À l’opposé, l’alerte « Médias Sénégal », qui concentre près de 48 % du corpus et constitue la principale agora numérique du pays, affiche un score négatif de -4,3. L’analyse montre qu’un observateur limité aux seuls canaux institutionnels conclurait à un véritable plébiscite. Pourtant, les préoccupations les plus critiques se déversent ailleurs, principalement sur Facebook, plateforme qui concentre plus des deux tiers des conversations et où s’expriment les doléances, les inquiétudes et les frustrations du quotidien. Cette coexistence de deux réalités parallèles nourrit un risque de déconnexion entre les perceptions institutionnelles et les ressentis citoyens.
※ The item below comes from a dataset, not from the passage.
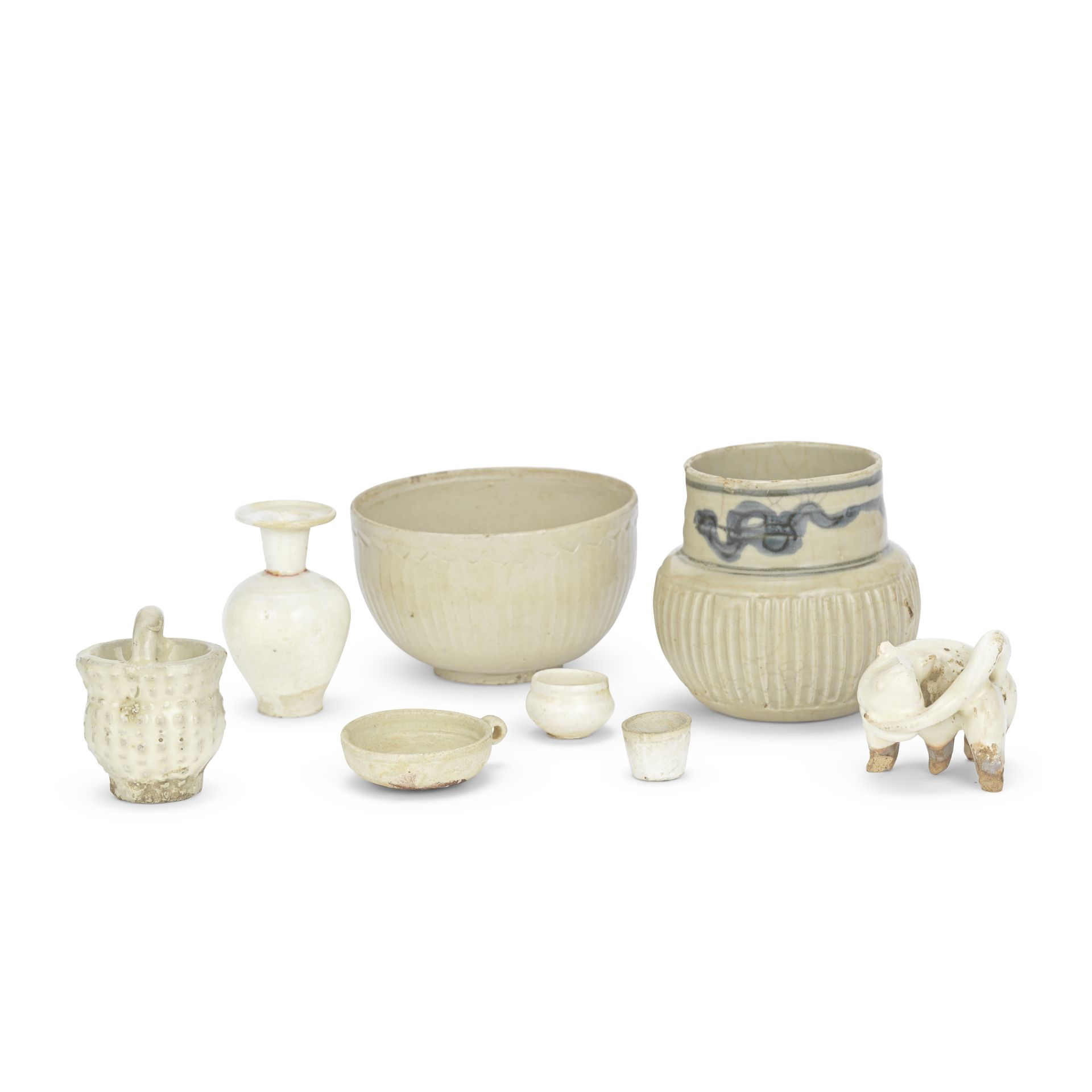 A COLLECTION OF WHITE AND CREAM-GLAZED WARES Song Dynasty and later (8)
Enfin, le baromètre identifie trois foyers de vulnérabilité particulièrement sensibles : la défiance institutionnelle (-31,4), la désinformation (-24,8) et la radicalité verbale (-12,0).

La critique laisse parfois place à une rhétorique de la trahison : « Il a trahi les espoirs de toute une génération », « le premier président qui a trahi ses électeurs », ou encore « Diomaye a été cloné ». Plus de 11 000 publications contiennent des marqueurs de violence verbale tels que « traître », « démissionne », « incompétent » ou « fasciste ». À cela s’ajoutent des récits complotistes évoquant une « dette cachée », des manipulations politiques ou même des rumeurs plus extravagantes comme l’« Illuminati gratuit ». Ces contenus ne représentent qu’une faible part du corpus global, mais leur puissance émotionnelle dépasse largement leur poids numérique. Au final, le baromètre Polaris décrit une société numériquement résiliente, mais dont l’équilibre repose sur une condition essentielle : la confiance dans la justice, les institutions et la parole publique. Lorsque cette confiance vacille, les récits de rupture trouvent un terrain particulièrement favorable pour prospérer.